US Interior Secretary To Outline Solar Energy Zones In US West
30 June 2009 - 3:03AM
Dow Jones News
The Interior Department officials later Monday will announce
measures they say should ultimately expedite solar energy projects
on federal lands.
Although nearly 200 solar plant projects have applied for
leases, none have been processed. Secretary Ken Salazar, however,
has made expanding renewable energy leasing both on federal
property a top priority and the announcement should help to clear
the bottlenecked permitting program.
One of the initiatives proposes solar energy zones on federal
lands in the Western U.S., said Serena Ingre, a spokeswoman with
the Natural Resources Defense Council, or NRDC. The environmental
advocacy group has been working to balance regional environmental
concerns of land conservation with a federal goal of expanding
renewable energy to reduce greenhouse gas emissions thought to
contribute to climate change.
Many solar projects have been blocked at the local level,
putting at risk the Obama Administration's plan to double renewable
energy production by 2012. For example, in March, U.S. Sen.

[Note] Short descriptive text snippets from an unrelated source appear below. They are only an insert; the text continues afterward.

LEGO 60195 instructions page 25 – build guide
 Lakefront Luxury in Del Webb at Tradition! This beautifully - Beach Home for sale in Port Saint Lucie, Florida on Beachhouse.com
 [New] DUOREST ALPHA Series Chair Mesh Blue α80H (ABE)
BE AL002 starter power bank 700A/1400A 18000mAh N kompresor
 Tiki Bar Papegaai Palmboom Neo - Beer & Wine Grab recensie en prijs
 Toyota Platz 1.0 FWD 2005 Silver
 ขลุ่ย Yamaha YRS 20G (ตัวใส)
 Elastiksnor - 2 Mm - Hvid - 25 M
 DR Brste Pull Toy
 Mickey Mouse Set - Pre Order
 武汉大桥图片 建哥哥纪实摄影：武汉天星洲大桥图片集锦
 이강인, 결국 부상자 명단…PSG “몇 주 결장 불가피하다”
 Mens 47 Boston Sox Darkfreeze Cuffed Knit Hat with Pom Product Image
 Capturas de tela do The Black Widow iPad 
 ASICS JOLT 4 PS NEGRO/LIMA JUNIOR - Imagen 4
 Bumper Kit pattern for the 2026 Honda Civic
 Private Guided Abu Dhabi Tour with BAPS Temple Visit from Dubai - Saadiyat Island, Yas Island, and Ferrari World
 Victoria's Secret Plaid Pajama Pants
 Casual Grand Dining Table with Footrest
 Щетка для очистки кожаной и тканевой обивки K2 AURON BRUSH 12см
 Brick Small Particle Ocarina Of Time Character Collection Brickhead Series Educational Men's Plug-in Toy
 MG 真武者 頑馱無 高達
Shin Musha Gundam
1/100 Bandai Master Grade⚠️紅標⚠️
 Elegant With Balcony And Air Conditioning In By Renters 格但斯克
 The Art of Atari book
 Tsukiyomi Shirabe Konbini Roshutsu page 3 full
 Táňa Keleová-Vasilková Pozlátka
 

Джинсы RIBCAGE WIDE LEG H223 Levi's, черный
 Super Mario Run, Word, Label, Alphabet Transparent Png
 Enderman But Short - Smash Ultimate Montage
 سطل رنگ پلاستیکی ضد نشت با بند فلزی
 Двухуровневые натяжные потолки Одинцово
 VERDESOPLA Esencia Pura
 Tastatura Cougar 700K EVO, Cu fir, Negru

Dianne
Feinstein, D-Calif., wrote to Interior Secretary Ken Salazar
pledging to fight against building a solar project on 600,000 acres
of federal land between the Mojave desert preserve and the Joshua
Tree National Park. The area lies in a California-designated
renewable zone where companies have applied to establish hundreds
of solar projects.
Interior officials say that because the the solar projects are
large-scale commercial activities, often requiring exclusive use of
the federal lands and official land use changes, the environmental
assessments and public comment processes are lengthy exercises.
Establishing solar energy zones would expedite the permitting
and environmental assessment processes, describing low-conflict
areas of natural resources that aren't located in proximity to
wilderness areas or threatened species, said Ingre.
Companies such as First Solar (FSLR), Stirling Energy Systems,
Brightsource Energy, Solel, Solar Millennium (S2M.XE), FPL Group
(FPL) and PG&E (PCG) are awaiting project permit approvals.
The Interior Department isn't expected to make a final
determination on renewable energy zones until later this year.